Task description: Taking the line with "Download Vine Monogram" as the first and the line with "12pcs White Dinner Set Porcelain Square" as the last, set down the lines below exactly, pictures excluded.

Recorded information:
::::::::::

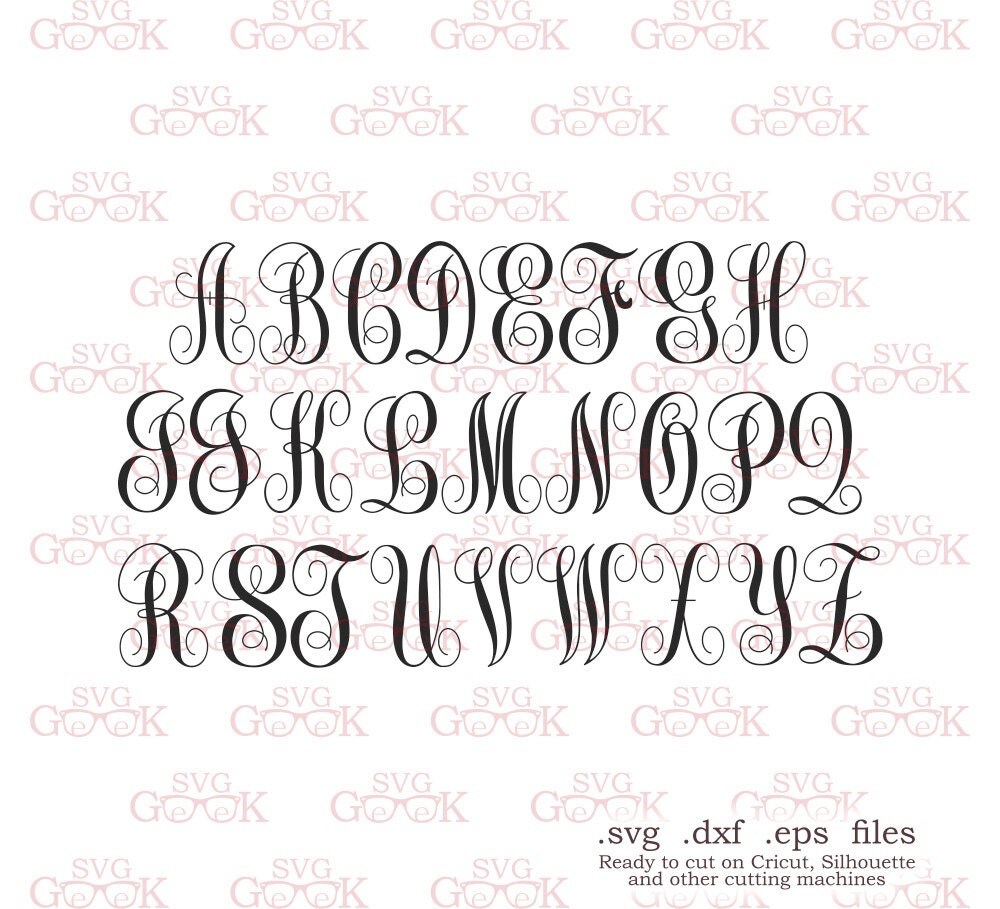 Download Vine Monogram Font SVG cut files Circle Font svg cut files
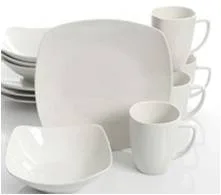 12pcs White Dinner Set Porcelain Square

::::::::::

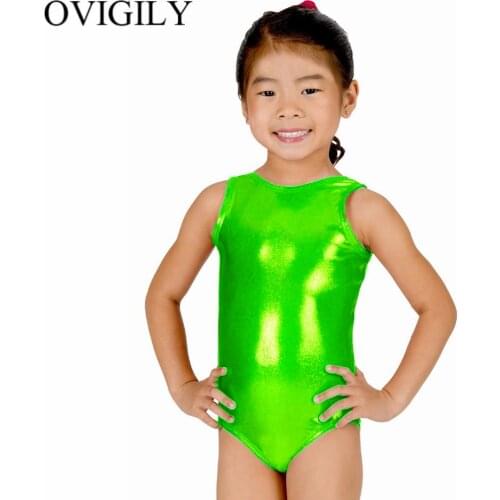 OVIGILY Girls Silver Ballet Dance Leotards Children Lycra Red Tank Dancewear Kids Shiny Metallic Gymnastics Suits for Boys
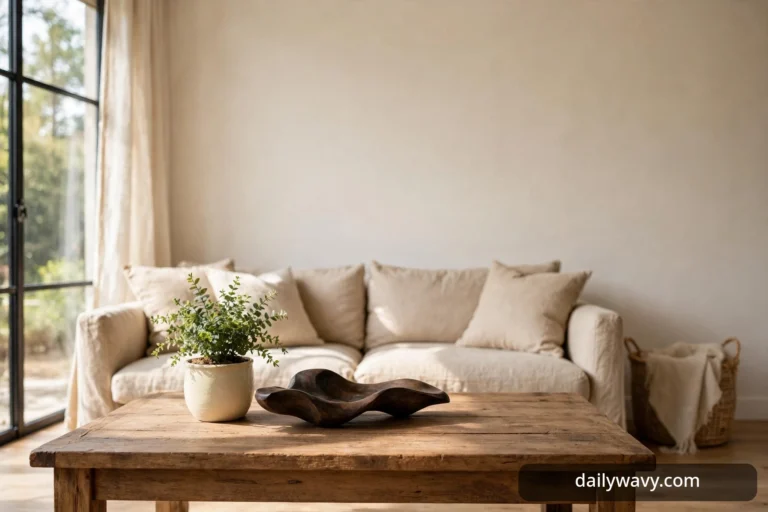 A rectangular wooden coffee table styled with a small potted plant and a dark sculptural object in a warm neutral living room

::::::::::

Exercise response:
 Download Vine Monogram Font SVG cut files Circle Font svg cut files
 12pcs White Dinner Set Porcelain Square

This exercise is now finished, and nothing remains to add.